How Did Tabasco Sauce Become an American Icon?

The musical comedy known as Burlesque Opera of Tabasco was a hot ticket in 1894, selling out around the United States. And then Tabasco, one of America's oldest operas, disappeared. However, in 2012, New Orleans conductor Paul Mauffray discovered the opera’s missing libretto, along with other documents. Two years later, audiences were treated to parts of the reconstructed score. In early 2018, Mauffray unveiled the entire re-assembled opera, retitled Tabasco: A Burlesque Opera, at Le Petit Théâtre Du Vieux Carré in New Orleans.

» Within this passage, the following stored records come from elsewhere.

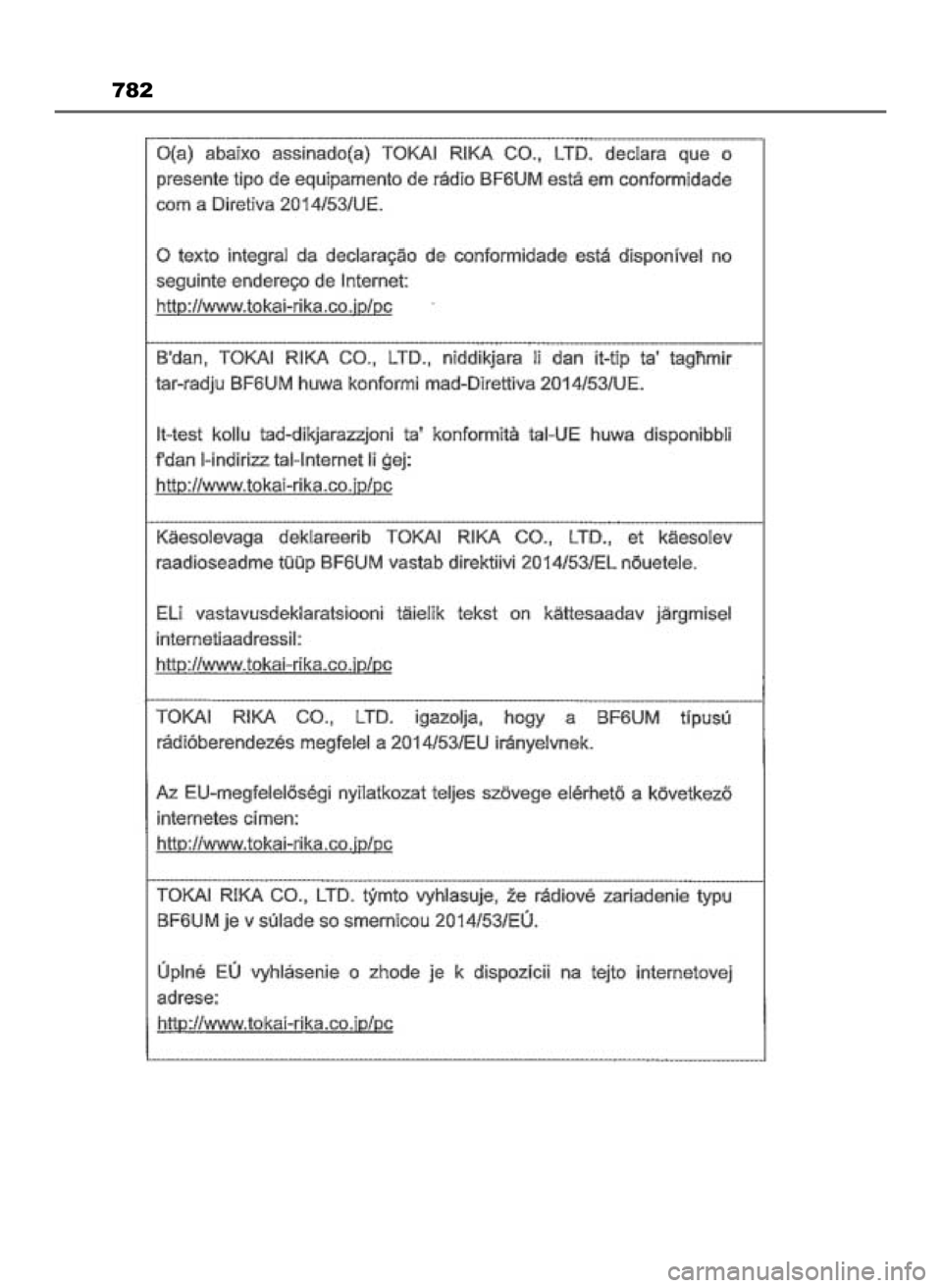 TOYOTA HILUX 2023 Instrukcja obsługi (in Polish) 782
8 Hilux OM0K789E 3/11/23 4:56 PM Page 782 (Black plate) TOYOTA HILUX 2023 Instrukcja obsługi (in Polish) 782
8 Hilux OM0K789E 3/11/23 4:56 PM Page 782 (Black plate)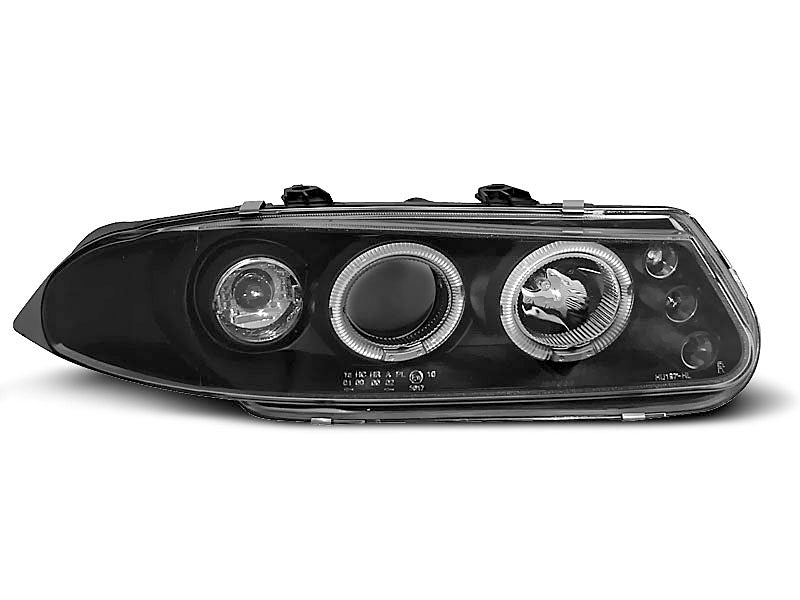 Tuning-Tec LED Angel Eyes Scheinwerfer für Rover 200 95-01 schwarz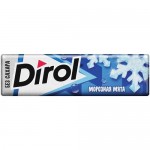 Жевательная резинка Dirol Морозная мята в подушечках, 13.6г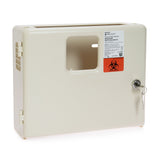 Sharps Container Cabinet / Wall Enclosure McKesson Prevent High Impact Polystyrene Wall Mount Locking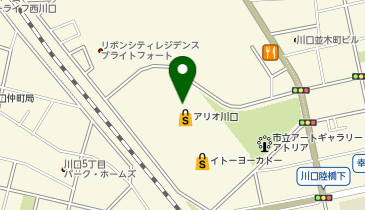 鎌倉パスタ Ario川口店の地図画像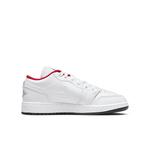 Кроссовки 1 low 'white gym red black' Air Jordan, белый - фото 2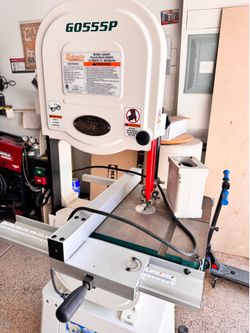 Grizzly G0555P 14” bandsaw with 6” riser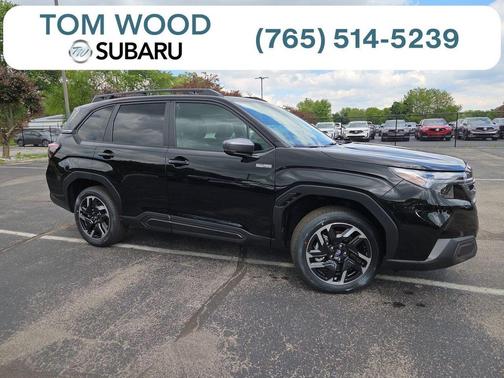 Crystal Black Silica 2026 Subaru Forester Hybrid Limited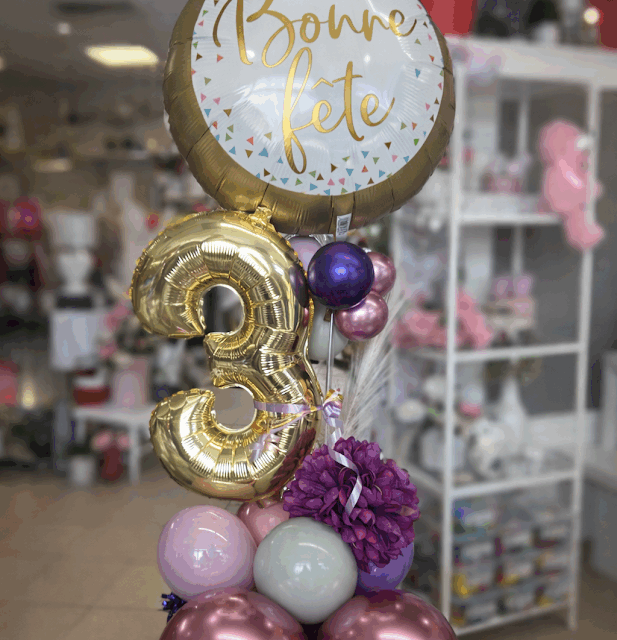 Centre de Table Anniversaire - Âge au Choix 🎈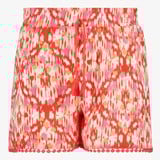 TwoDay meisjes short met print roze oranje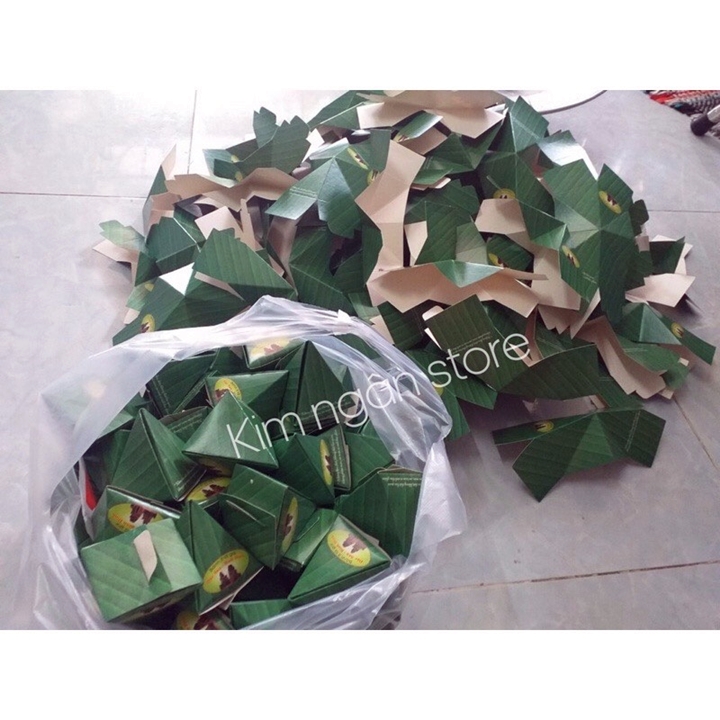 100 Mảnh Giấy Gấp Bánh Ít Lá Gai Bình Định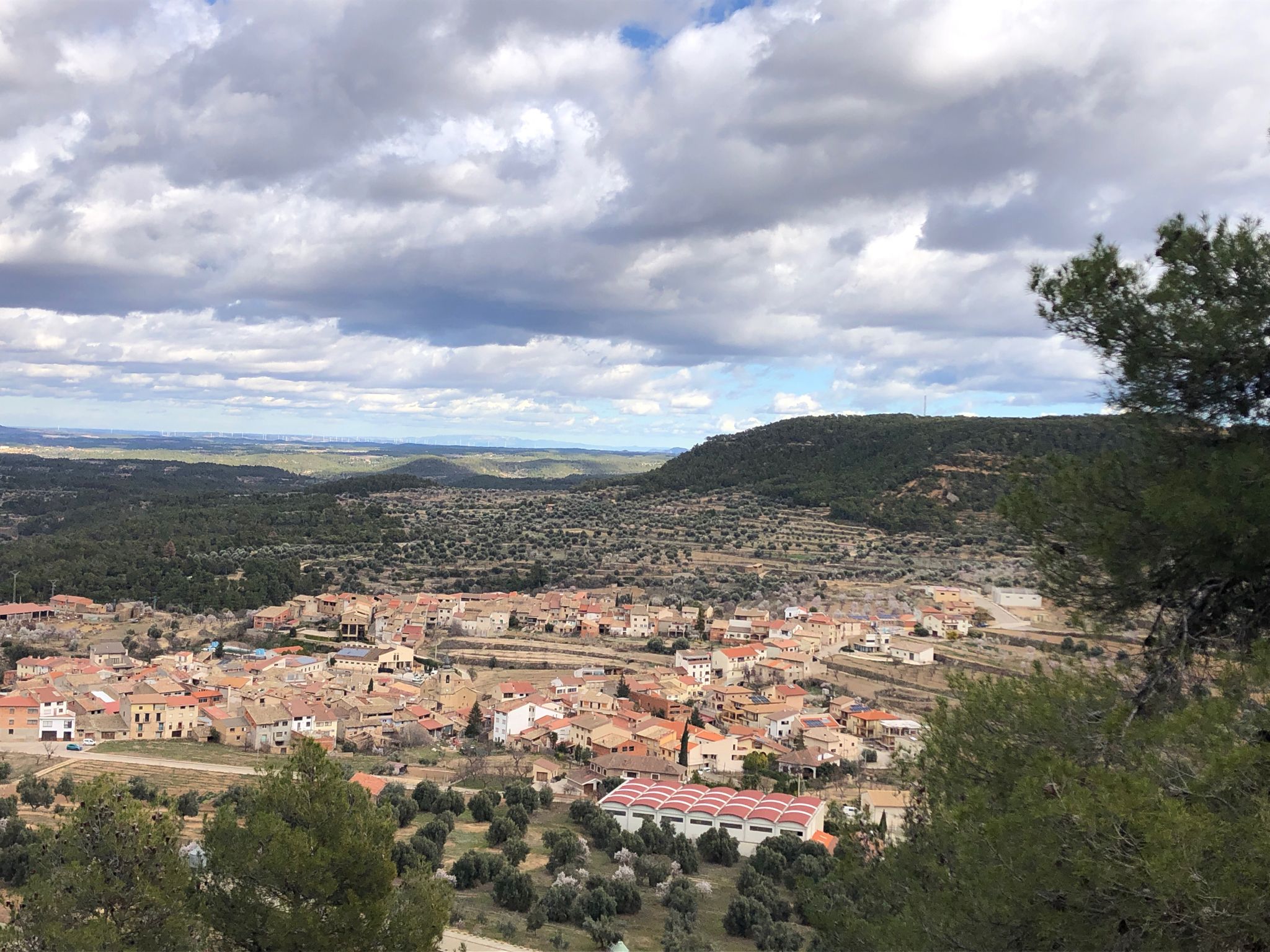 Vista de la Portellada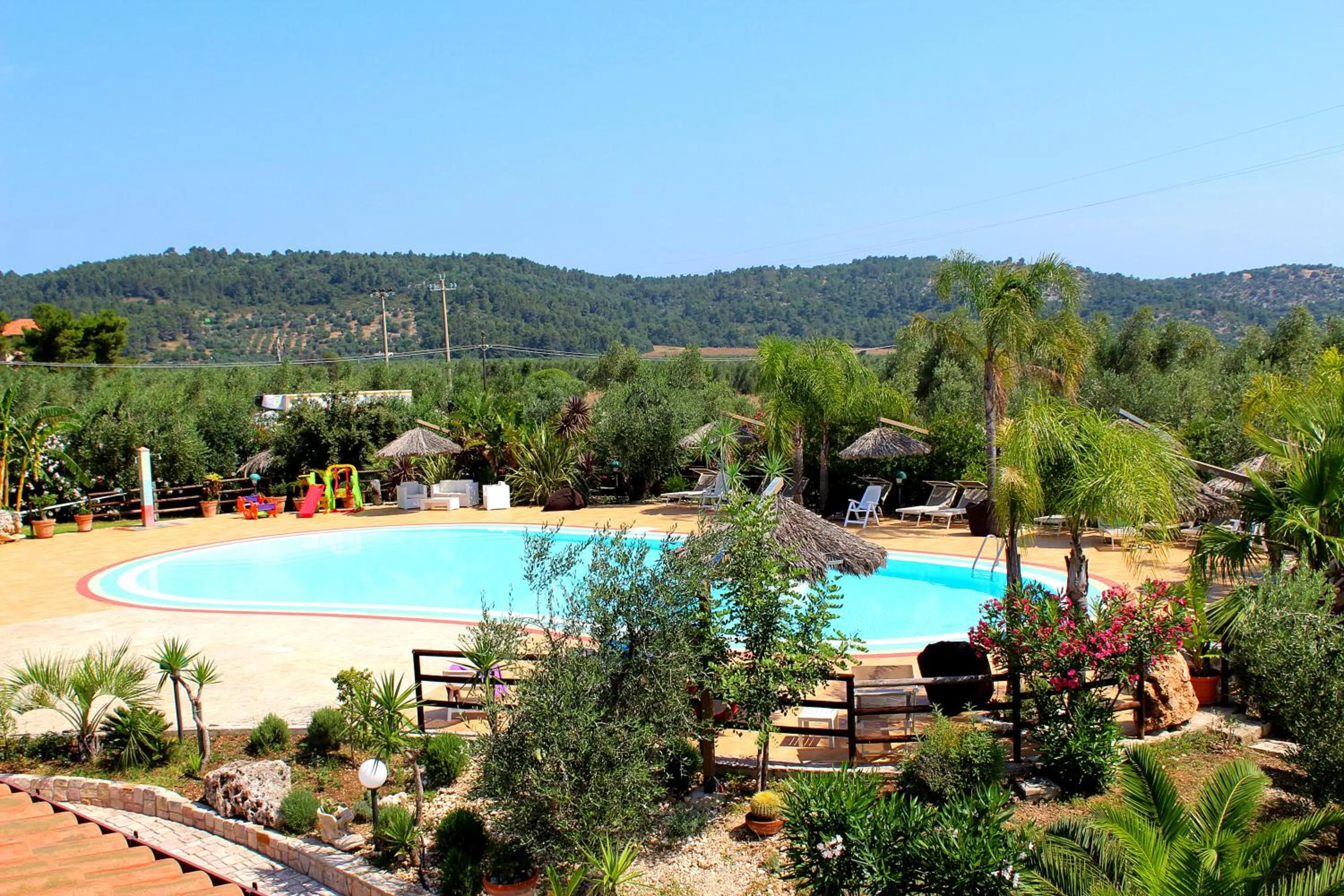 Pool view in Residence Villantica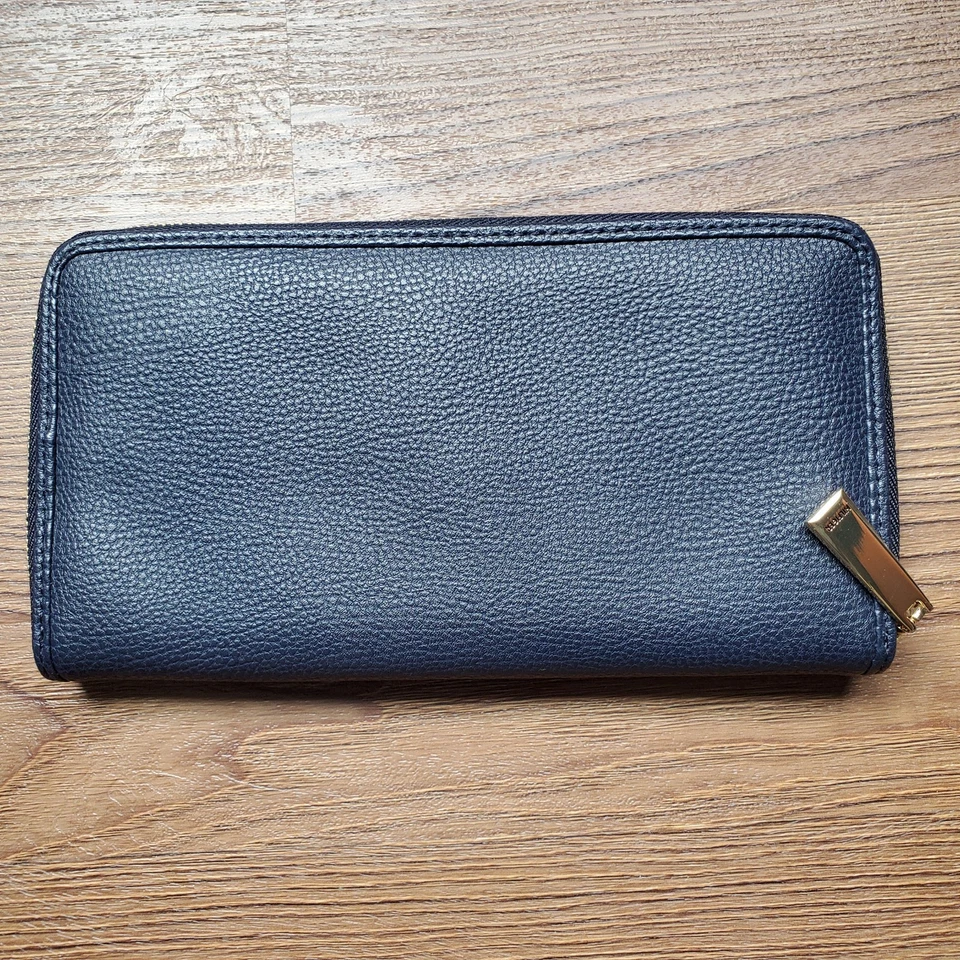TOMMY HILFIGER Blue Zip Wallet - Image 4 of 4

An opera with a little kick:

  • The opera revolves around a Middle Eastern pasha who loves spicy food. His chef searches high and low for the right seasonings, which turn out to be the iconic pepper sauce still made in Louisiana.
  • The production faded away after a dispute about profits. Mauffray has been piecing together its musical history ever since finding remnants of the original libretto in a locked box.
  • “We still have the flavor of an 1890s Gilbert and Sullivan-style show,” says Mauffray. And the McIlhenny Company, makers of Tabasco, is still bankrolling some of the production.
More Info: NPR

Discussion Comments

anon999640

In more modern times, Walter McIlhenny served in the US Marine Corps in World War II, returned home, became the CEO of the family business, and actively promoted that business's product -- Tabasco -- as a seasoning for bland military rations.

In the 1960s, he published a cookbook detailing how to turn those rations into something edible using the sauce (and started a program that allowed people to send a soldier in Vietnam a bottle of it for a dollar).

By the 1990s, every "Meal Ready-to-Eat" came with a tiny bottle of Tabasco. Pretty much anyone who has served in the military in the last 50-odd years was introduced to Tabasco while in ranks if they didn't know about it already.